(The data)

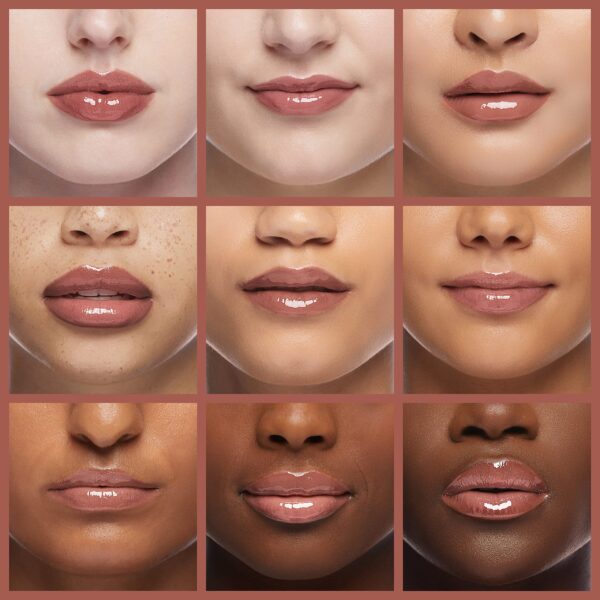 Burt?s Bees 100% Natural Glossy Lipstick, Peony Dew - 1 Tube - Image 4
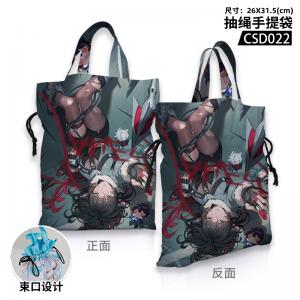 CSD022 绝区零 游戏 抽绳手提袋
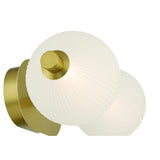 Palmas LED Vanity Light 2 Light Gold By Eurofase Detailed View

(Task goal)
With the pictures left out, copy exactly the lines from the one containing "CSD022 绝区零 游戏 抽绳手提袋" through the last line of the data.

(Reply to the exercise)
 CSD022 绝区零 游戏 抽绳手提袋
 Palmas LED Vanity Light 2 Light Gold By Eurofase Detailed View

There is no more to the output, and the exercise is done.